At the age of eighteen she was put into an arranged marriage and when she heard she fled home to the convent of Santa Maddalena at Matelica. It was there that she became a Benedictine nun and served as its abbess for four decades from 1279. She feared her father's retribution for her fleeing and remained hidden until he found her. But her father was impressed with her that he allowed her to remain and the two reconciled. She took her solemn profession on 10 August 1271. The convent later adopted the rule of the Poor Clares.

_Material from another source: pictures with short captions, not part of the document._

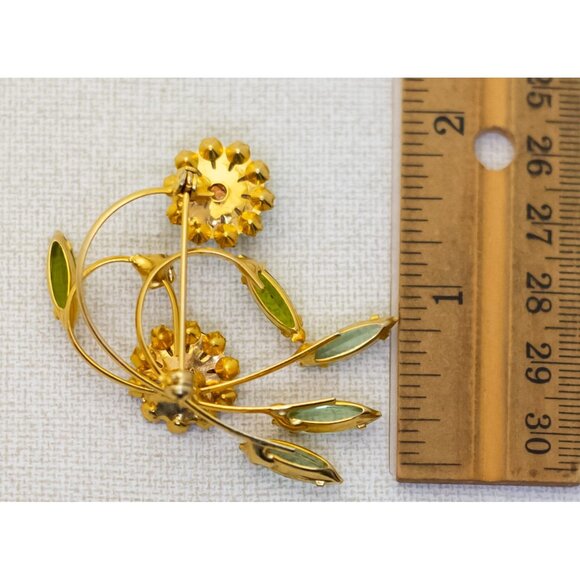 Vintage Elven Green Rhinestones Gold Tone Stylish Floral Sprout Brooch - T22 - Picture 2 of 2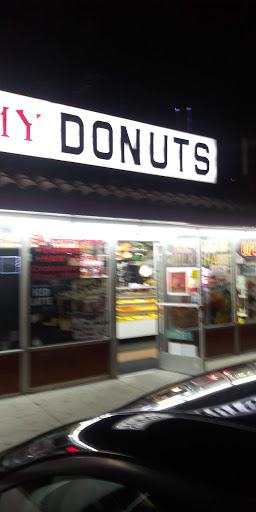 Donut Shop «Yummy Donuts», reviews and photos, 7555 Balboa Blvd, Van Nuys, CA 91406, USA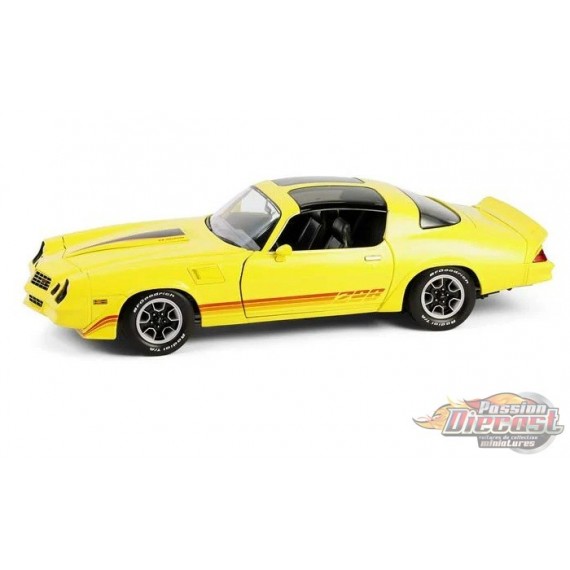グリーンライト1980 シボレー・カマロ Z28 (イエロー) 1980 Chevrolet Camaro Z/28 with T-Tops in Bright Yellow with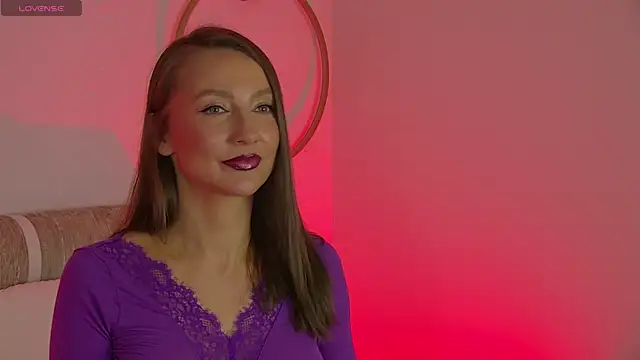 Snapshot of Eva_Devine chatting on 11-13-25, 05:50 Eva Devine online show from 11-13-25, 05:50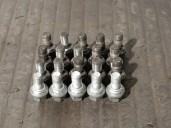 Recambio de tornillo para mercedes-benz clase s (w126) berlina+coupe 3.0 referencia OEM IAM A1705840538  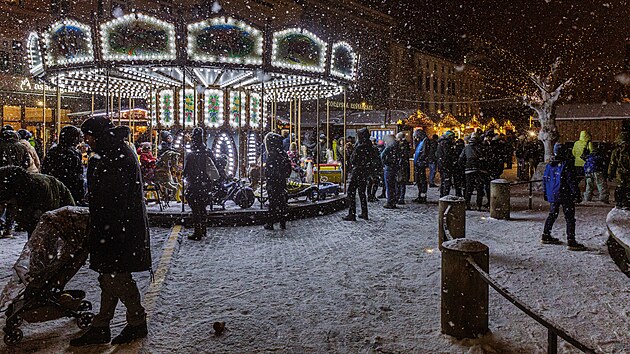 Na olomouckých vánočních trzích opět nechybí kolotoč.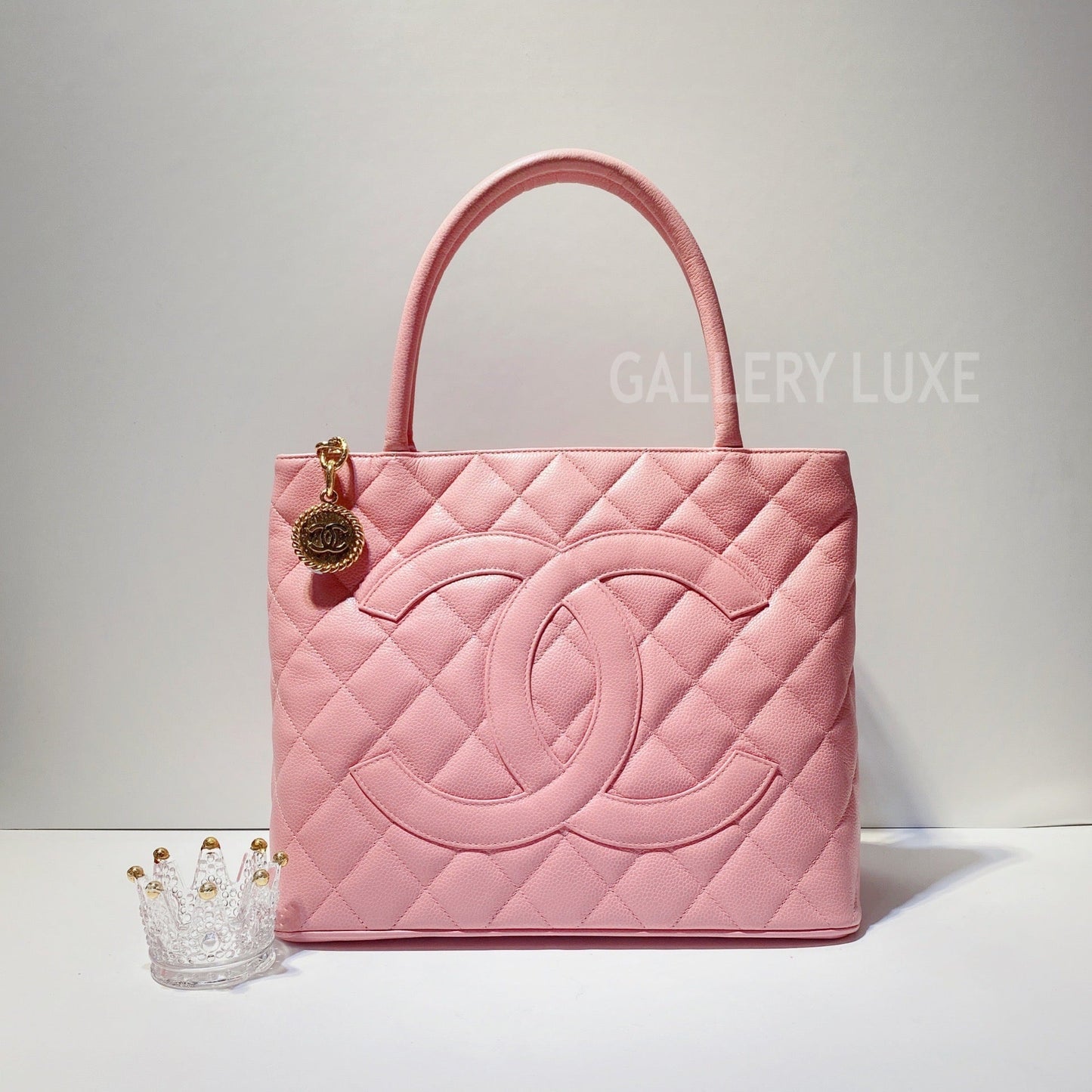 No.3161-Chanel Vintage Caviar Medallion Tote Bag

She died on 28 December 1319 in Matelica. The house was renamed "Beata Matthias" in her honor in 1758.

She was reinterred near the high altar of her convent chapel and was exhumed in 1536. It was found incorrupt and also was seen sweating. The remains were again exhumed in 1756 and still found to be incorrupt.

==Beatification process==
Mattia de Nazarei gained a reputation for holiness and was regarded as a saint. The cause of canonization culminated with her beatification on 27 July 1765 after Pope Clement XIII confirmed her cult.

The cause reopened and the local process closed on 15 October 2008 and was ratified in 2010. She must be declared Venerable with the recognition of her life of heroic virtue before the investigation into the miracle for canonization can occur.

A miracle attributed to her was investigated on a local process and was ratified on 14 November 2014.

There were beliefs that the miracle attributed to her would be approved in 2015 and would allow for her canonization on 1 March 2016.